_EXERCISE_
From the records below, please print only the lines from the one containing "U.S. DoJ Recommends" through the one containing "Tappeto Gabbeh - Indus", both included. Skip the pictures.

_RECORD SET_

--- START ---

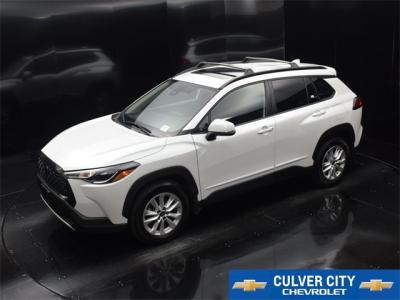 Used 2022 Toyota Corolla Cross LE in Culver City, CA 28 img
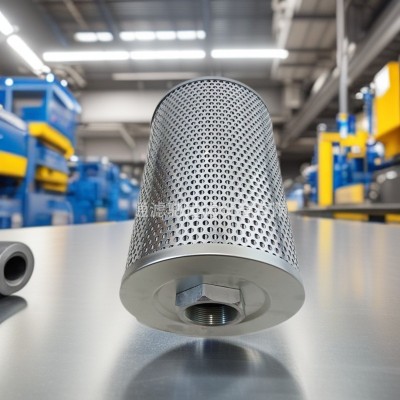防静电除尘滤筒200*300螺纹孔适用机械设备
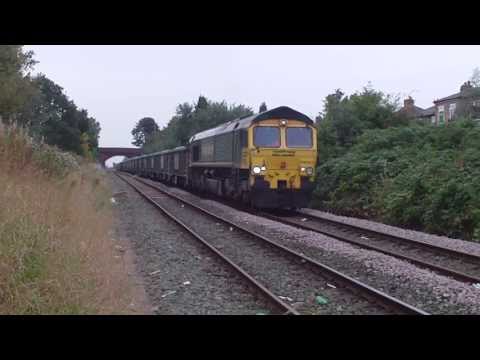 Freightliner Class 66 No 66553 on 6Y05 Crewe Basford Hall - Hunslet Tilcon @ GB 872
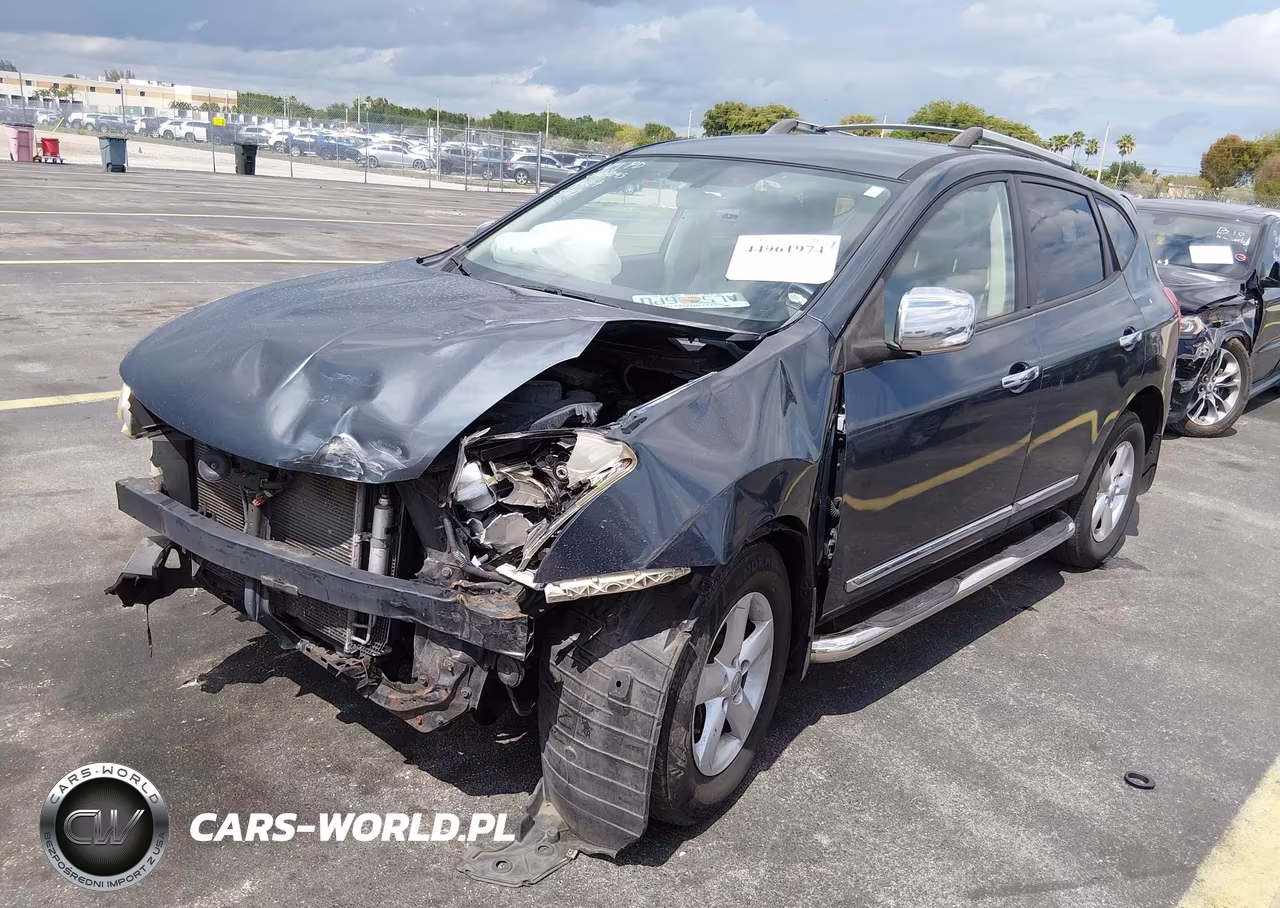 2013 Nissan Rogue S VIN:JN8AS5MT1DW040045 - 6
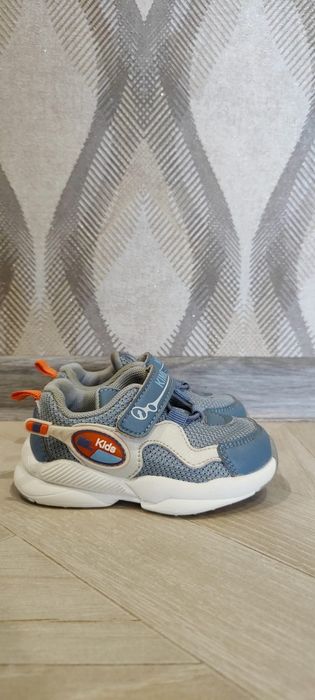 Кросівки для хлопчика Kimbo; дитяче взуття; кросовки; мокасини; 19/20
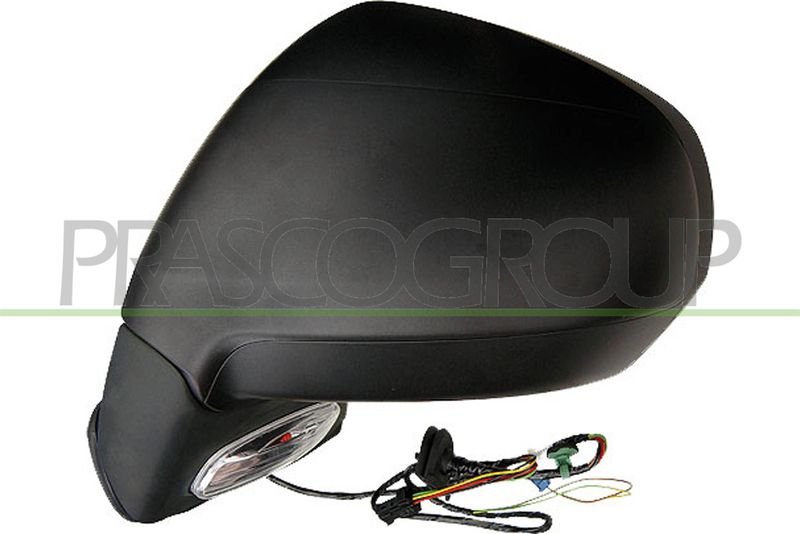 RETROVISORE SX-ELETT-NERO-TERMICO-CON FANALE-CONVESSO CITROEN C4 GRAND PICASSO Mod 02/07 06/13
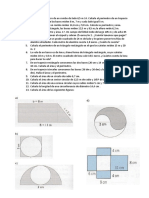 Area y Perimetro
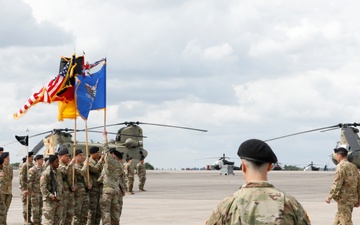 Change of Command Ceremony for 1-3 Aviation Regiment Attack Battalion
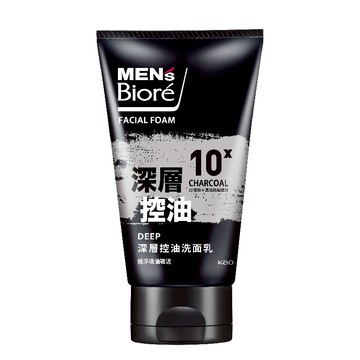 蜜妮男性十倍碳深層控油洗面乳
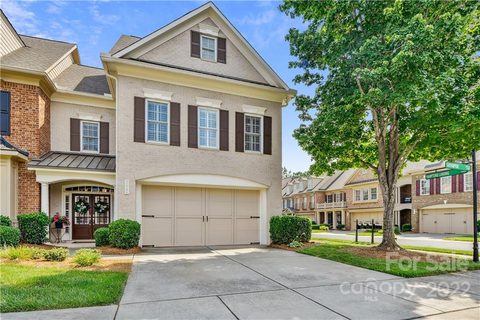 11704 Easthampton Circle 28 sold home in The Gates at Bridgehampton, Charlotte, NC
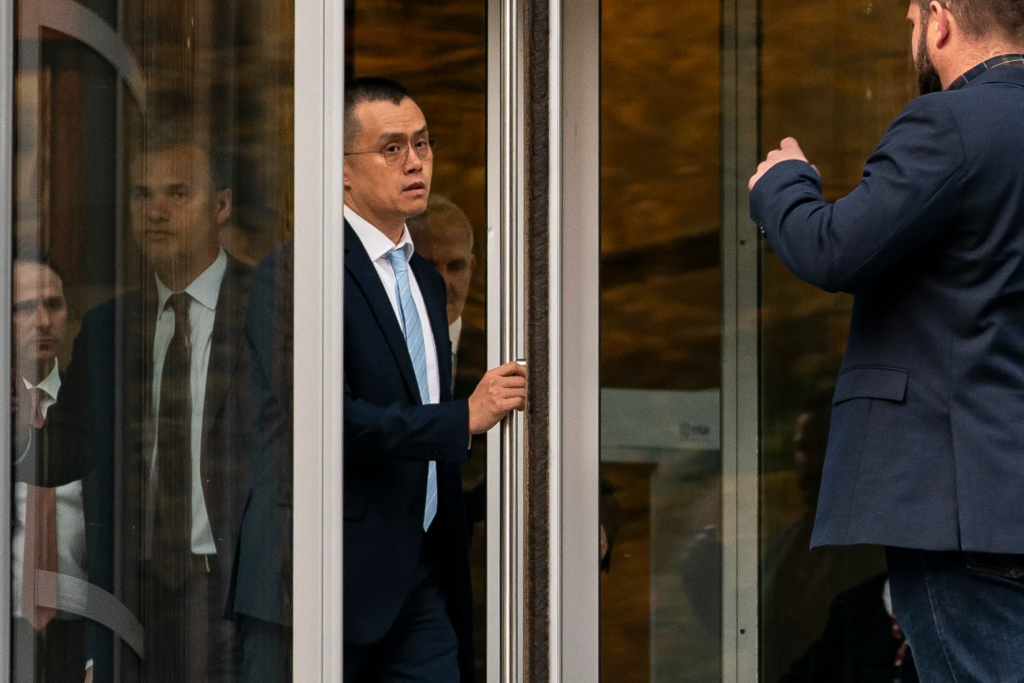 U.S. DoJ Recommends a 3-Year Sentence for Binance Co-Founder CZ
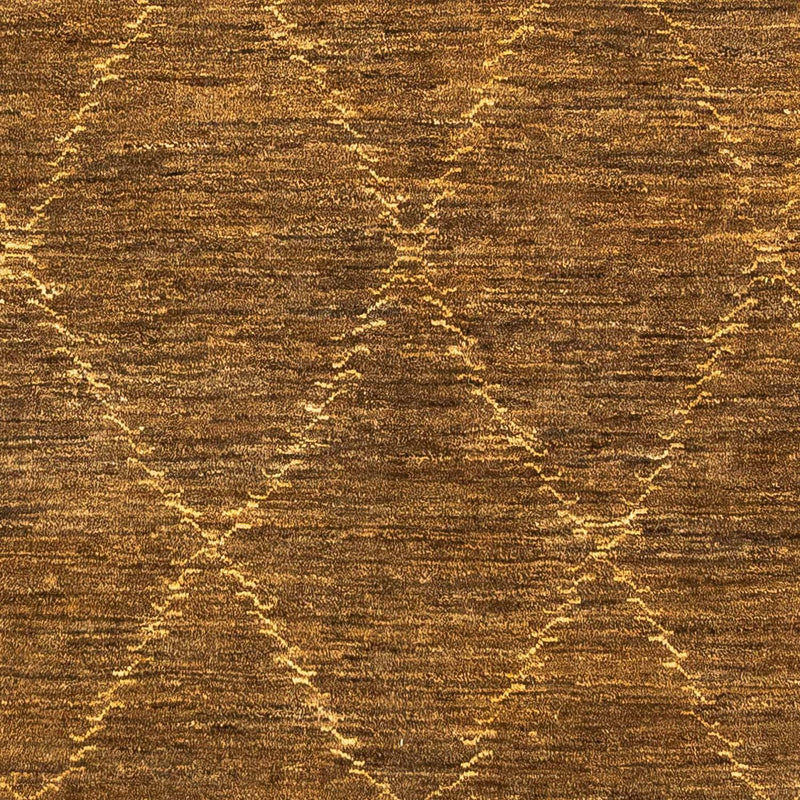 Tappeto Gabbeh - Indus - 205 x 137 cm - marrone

--- END ---
--- START ---

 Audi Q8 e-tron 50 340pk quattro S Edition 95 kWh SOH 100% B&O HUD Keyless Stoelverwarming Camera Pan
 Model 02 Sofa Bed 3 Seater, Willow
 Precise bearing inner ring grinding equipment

--- END ---

_RESULT FOR THIS EXERCISE_
 U.S. DoJ Recommends a 3-Year Sentence for Binance Co-Founder CZ
 Tappeto Gabbeh - Indus - 205 x 137 cm - marrone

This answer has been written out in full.